二部制拡大、ユニフォームの色変更など対策も…
各地で気温40度を超えるニュースが続出している今夏、高校球児がプレーする甲子園でも熱さ対策が実施されている。昨夏から導入された朝夕の二部制を3日から6日に拡大。午前に行われる試合が午後1時半を過ぎた場合は新しいイニングに入らず、午後1時45分を過ぎた場合はイニングの途中でも「継続試合」として翌日以降に再開される。
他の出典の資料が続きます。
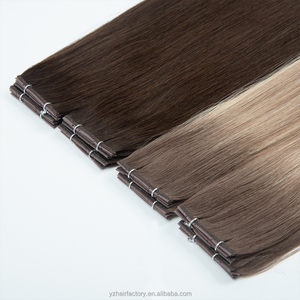 Yuanzhen 100% Virgin Remy Cuticle Aligned Straight Wave Seamless XO Top Selling Human Hole Weft Extensions - Product Image 2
大会2日目(6日)第2試合で行われた開星と宮崎商の試合は延長タイブレークの熱戦となり、午後1時半を過ぎていたが、延長10回裏に開星がサヨナラ勝ちしてギリギリで継続試合にはならなかった。
暑さのピークとなる時間帯を避け、第3試合は午後4時15分にプレーボール。第4試合は予定通りでもプロ野球より遅い午後6時45分開始だ。選手たちにとっては、比較的暑さがマシな時間に聖地でナイターを経験できるのは貴重だろう。
また、試合前ノックも従来の7分から5分に短縮され、行うかどうかは各校が選択できるようになった。大会本部だけでなく各校も工夫しており、北海や県岐阜商、広陵などは帽子やアンダーシャツを黒っぽい色から白色に変更し、少しでも選手たちが暑さに苦しまないように対策を施している。
しかし、それでも6日の第1試合に登場した仙台育英の川尻結大は試合中に自力で歩けなくなって交代。第2試合では開星の小村拓矢が8回の打席で足を痛がり、担架で退場した。いずれも重症ではないものの、熱中症の疑いがあったという。
今年のような酷暑が今後も続くようなら、開催時期の変更や一部ドーム球場への移行なども検討する必要があるのではないか。
同じ日にボクサー2人が開頭手術
暑さとは関係ないが、ボクシング界でも事故が相次いだ。2日に後楽園ホールで行われた東洋太平洋スーパーフェザー級タイトルマッチで引き分けた神足茂利と、日本ライト級挑戦者決定戦で8回TKO負けした浦川大将が試合後、東京都内の病院に救急搬送。2人とも急性硬膜下血腫と診断され、緊急の開頭手術を受けた。
5月24日にはIBF世界ミニマム級王座に挑んだ重岡銀次朗が12回判定負けした試合後に意識を失い、大阪市内の病院に救急搬送。右硬膜下血腫により開頭手術を受けた。
日本ボクシングコミッション(JBC)は、事務局を管轄する東洋太平洋ボクシング連盟のタイトルマッチを現行の12回戦から10回戦へ変更する方向。かつて15回戦だった世界タイトルマッチも事故防止のため12回戦に短縮されたが、東洋太平洋タイトルマッチも短縮されることになりそうだ。
かねてよりボクシング界ではリング禍を防ぐための取り組みを行ってきたが、重岡も神足も12回を戦い切ったため判断を難しくした。ダウンしたり、明確なダメージがあればレフェリーも判断しやすいが、ボクサーは試合中にいくらパンチをもらっても気力で戦おうとするため、最終回終了ゴングが鳴るまで立ち続けている場合、レフェリーが止める判断をすることは難しい。
以前に比べれば、レフェリーがストップするタイミングは早くなったが、それでも事故は起こるのだ。人間の判断だけでなく、ラウンド数の縮小などルール自体を変更する以外に対策の施しようがないのが実情だろう。
観る側も意識改革を
スポーツは健康な肉体と選手の安全が担保されて成り立つことは言うまでもない。事故のリスクをゼロにはできなくても、可能な限り小さくしていかないと競技の発展自体に関わる深刻な問題となる。
ルール変更があると、必ず競技の魅力を損なうという反対意見が出る。高校野球の延長が18回から15回になった時、タイブレーク制が導入された時、白熱の大接戦を期待するファンからの異論は少なからずあった。
ボクシングでも早すぎるレフェリーストップは、派手な倒し合いを期待するファンから好評とは言えない。止められた選手が不満を口にすることも少なくない。
しかし、選手の安全以上に重視されるべきことは何ひとつない。大切なのは観る側の意識だ。そして、「血染めの投球」などとケガを美談として報じるスポーツマスコミも襟を正す必要がある。
スポーツには嘘がない。だからこそ、観る人の胸を打ち、感動のドラマが起きる。それは「安全」の上に成り立っていることを決して忘れてはならない。